Fenomena gejolak aksi-aksi perburuhan saat ini terjadi bersamaan dengan tren pertumbuhan ekonomi secara nasional, yang beberapa tahun terakhir cukup tinggi (sekitar 6 persen) di tengah situasi krisis ekonomi global. Gejolak perburuhan secara perlahan, tetapi pasti turut meletup pada era Orde Baru, khususnya 1990-an, dengan berbagai aksi pemogokan berskala kawasan hingga tingkat kota.
Pertumbuhan ekonomi kita tak disertai pemerataan kesejahteraan. Ketidaksetaraan antar-lapisan sosial cukup mencolok, seperti dikomentari peraih Nobel Ekonomi 2007, Erik Maskin. Dalam kunjungannya ke Indonesia, Maskin menyoroti nasib buruh di kelas terbawah yang mengalami tekanan persaingan pasar tenaga kerja yang sangat kompetitif.
Sistem kerja kontrak alih daya dan politik upah murah adalah karakteristik umum yang dikesankan jadi prasyarat keunggulan dan pertumbuhan dalam relasi kita dengan globalisasi.

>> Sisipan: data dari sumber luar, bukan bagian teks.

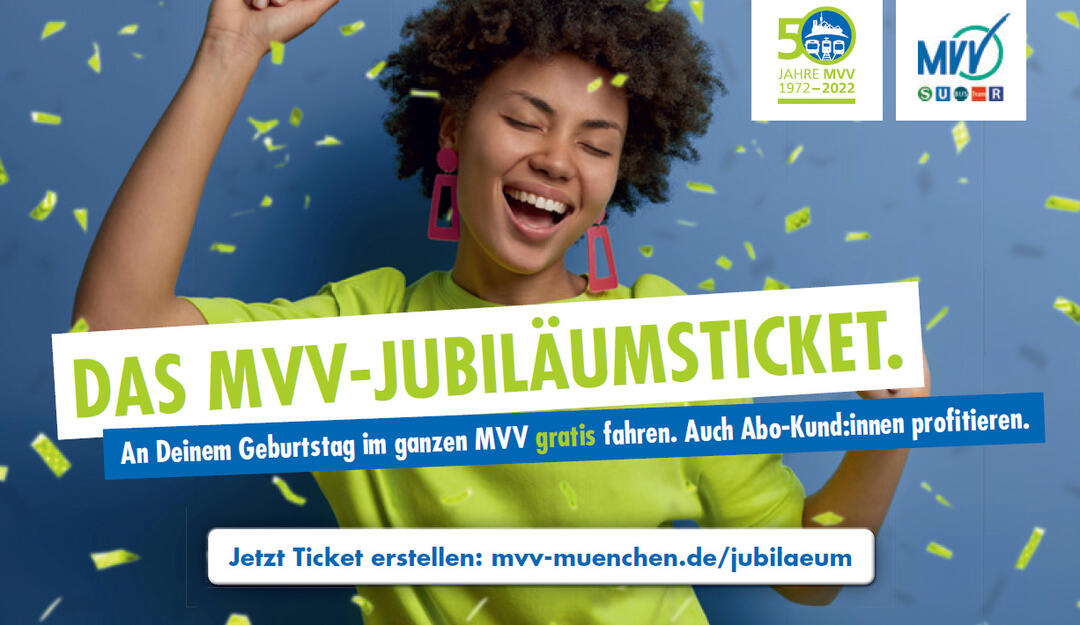 MVV Jubiläumsticket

Padahal, bila kita kembali ke observasi Maskin—juga oleh Kaushik Basu, guru besar ekonomi asal Cornell—justru ditemukan, globalisasi adalah salah satu penyebab ketimpangan kesejahteraan. Terutama di negara-negara berkembang, termasuk Indonesia, karena menaikkan pendapatan rata-rata, tetapi menimbulkan masalah distribusi pendapatan.
Latar dari pertumbuhan yang menghasilkan kesenjangan dan juga fondasi dari gejolak perburuhan dewasa ini ada di tingkat lokal. Kompetisi di pasar tenaga kerja berlangsung dalam konteks desentralisasi sebagai model kekuasaan yang diterapkan dalam hubungan antara pemerintah pusat dan daerah pada masa pasca-otoriterisme.

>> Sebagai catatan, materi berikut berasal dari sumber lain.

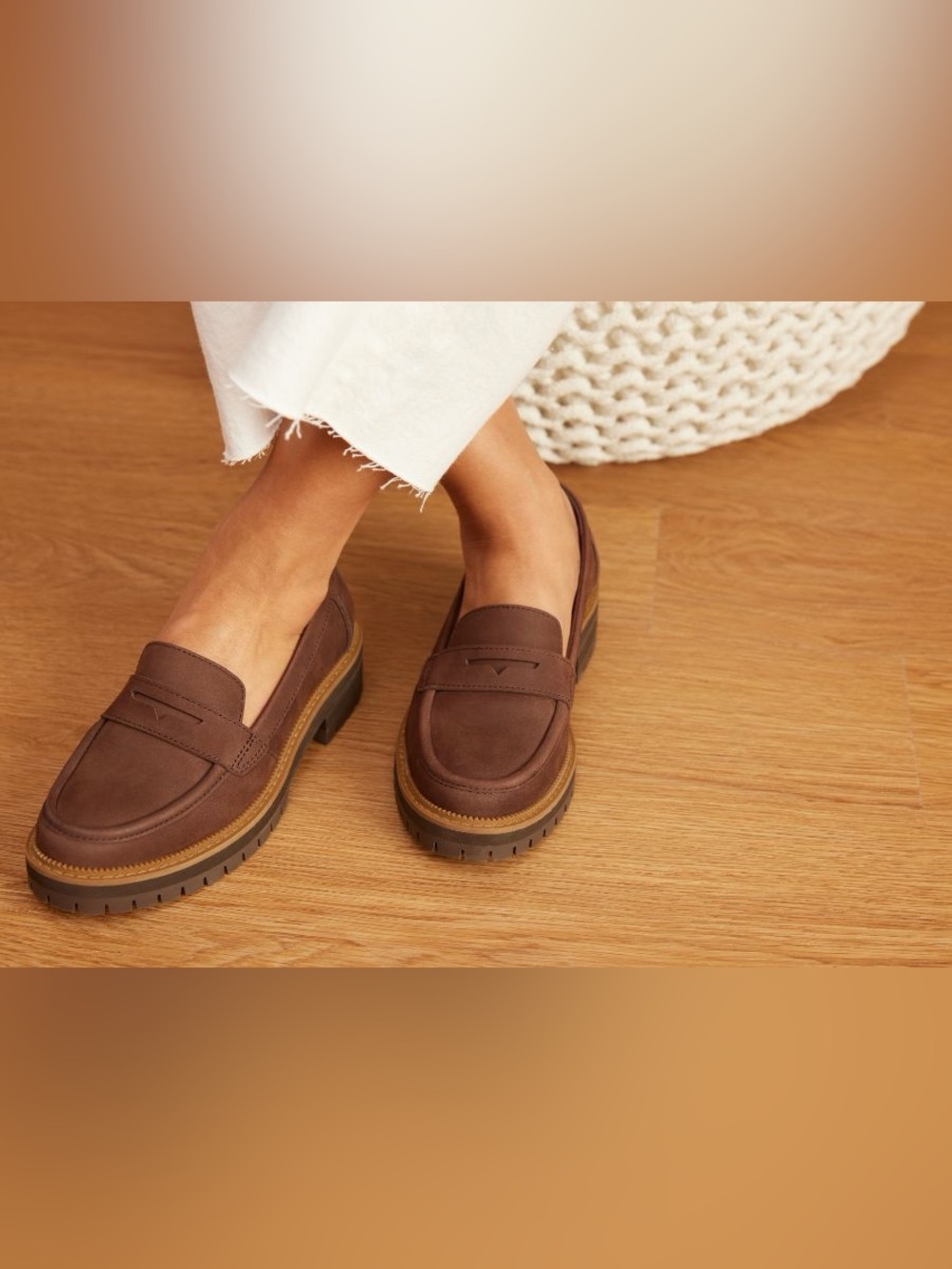 TOMS Leather Loafers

Akibatnya, keterlibatan negara didorong agar ”berkurang” dalam politik perburuhan, dengan melimpahkan tanggung jawab untuk membereskan konflik yang selalu terjadi dalam hubungan industrial kepada pemerintah lokal. Struktur kesempatan politik yang tersedia saat ini memberikan ruang bagi mobilisasi lebih leluasa buruh untuk berpolitik menggunakan metode bersifat direct action.